Todas as vezes que viajo para o interior, trago a sensação de que o relógio marca o tempo de um jeito diferente por lá. A correria do trampo acaba sendo a mesma, ou fica até pior, visto que não se conta com a estrutura habitual, aquela que faz tudo funcionar engrenado, mas a gente meio que se obriga a dedicar um pouco mais de atenção às coisas simples e corriqueiras. Pode-se olhar nos olhos das pessoas enquanto conversa, sem que isso seja confundido com segundas, terceiras e quartas intenções. Pode-se ter curiosidade para observar a movimentação delas, permitir-se um bocadinho de prosa a mais, se convidar para uma roda de chimarrão, ouvir e contar histórias. Incrível como essas coisas cabem todinhas na velocidade do dia vivido no interior!

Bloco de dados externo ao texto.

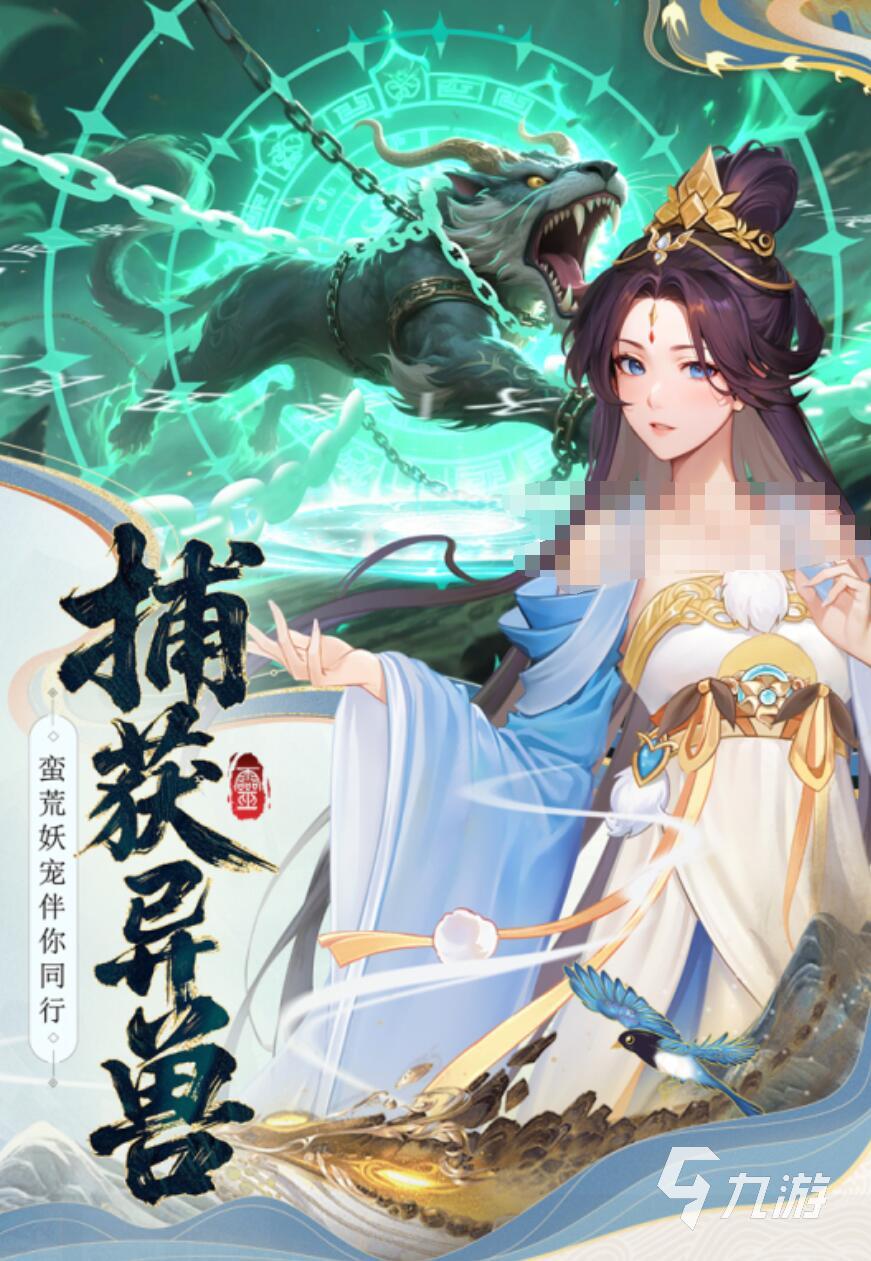 2025仙侠手游哪个玩的人多 人气高的仙侠游戏合集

Fazemos amizades novas com mais facilidade e quando reencontramos os amigos velhos de guerra, então, a conversa flui e é possível atualizar anos de ausência, colocar em dia uma prosa suspensa por décadas! Também resgatar e enumerar de cabeça fatos e pessoas que você não sabia que ainda preservava intactos na memória. De repente, acionamos aquela enxurrada de pensamentos e de lembranças que dão sentido à construção das nossas trajetórias de vida.

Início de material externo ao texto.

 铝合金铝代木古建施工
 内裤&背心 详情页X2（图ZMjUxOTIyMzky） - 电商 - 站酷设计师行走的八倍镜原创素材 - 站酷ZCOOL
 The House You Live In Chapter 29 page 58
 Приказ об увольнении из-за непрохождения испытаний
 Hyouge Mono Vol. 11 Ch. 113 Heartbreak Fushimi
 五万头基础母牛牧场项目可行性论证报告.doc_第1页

Sei que esse papo meu já está qualquer coisa parecida com ladainha de velha, que tem seus hormônios e emoções todos bagunçados, mas a verdade é que o saudosismo me acompanha há muito tempo. Desde sempre. É meio que uma marca registrada de quem já nasceu com saudades. Cada minuto vivido vai compondo um baú de sentimentos armazenados e de aprendizados que ensinam e inspiram a no futuro encontrarmos respostas instintivas e espontâneas para as mais diversas situações. Esse acúmulo só se consegue com muita observação ao longo dos anos, deixando um legado de maturidade para perceber os fatos e se posicionar com sabedoria. Se não conseguirmos isso em tempo integral, contamos com as aceitações que prevalecem ainda com mais firmeza. A bem da verdade, o apoio e a tolerância deveriam ser próprio de sermos gente pura e simplesmente e não de estarmos neste ou naquele local do mapa.

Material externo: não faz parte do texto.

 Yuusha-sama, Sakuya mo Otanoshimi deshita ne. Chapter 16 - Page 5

Por isso também que a sensação que tenho quando viajo ao interior é que tudo importa mais e cada mínimo detalhe faz tanto sentido, que tudo cabe dentro do nosso dia. O tempo bate diferente, sem dúvida! Parece que escolhe momentos para ligar a câmera lenta e explorar demoradamente cada detalhe para reter. Talvez por isso o desgaste se torne menor e a gente relaxe mais, descarregue aos poucos as tensões. E é deliciosa a necessidade que se tem de conversar, de explorar as histórias e de conhecer mais a fundo as pessoas e as situações. A simbiose entre carência, curiosidade e pertencimento dialoga diretamente com a nossa atenção, que deixa de ser dispersa e se concentra na escolha daquilo que for essencial.

Soa romantizado e é. Só sei dizer que tudo lá tem cheiro, gosto e jeito de literatura juvenil; parece também com letra de música que se ouvia no rádio velho lá de casa, quando espichava bem os ouvidos para memorizar palavras e significados daquelas canções, driblando os ruídos da transmissão, e escrevi num caderno de escola para não esquecer e compartilhar com as amigas. O tempo estaciona sobre momentos assim para que se possa eternizá-los. Quem gosta de conversar vai me entender e se identificar com essa saudade e valorização. Mas também tem sempre aquele urbanoide sincericida, que vai ler até o final e dar uma de Drummond, exclamando: – Eta vida besta! E segue o baile.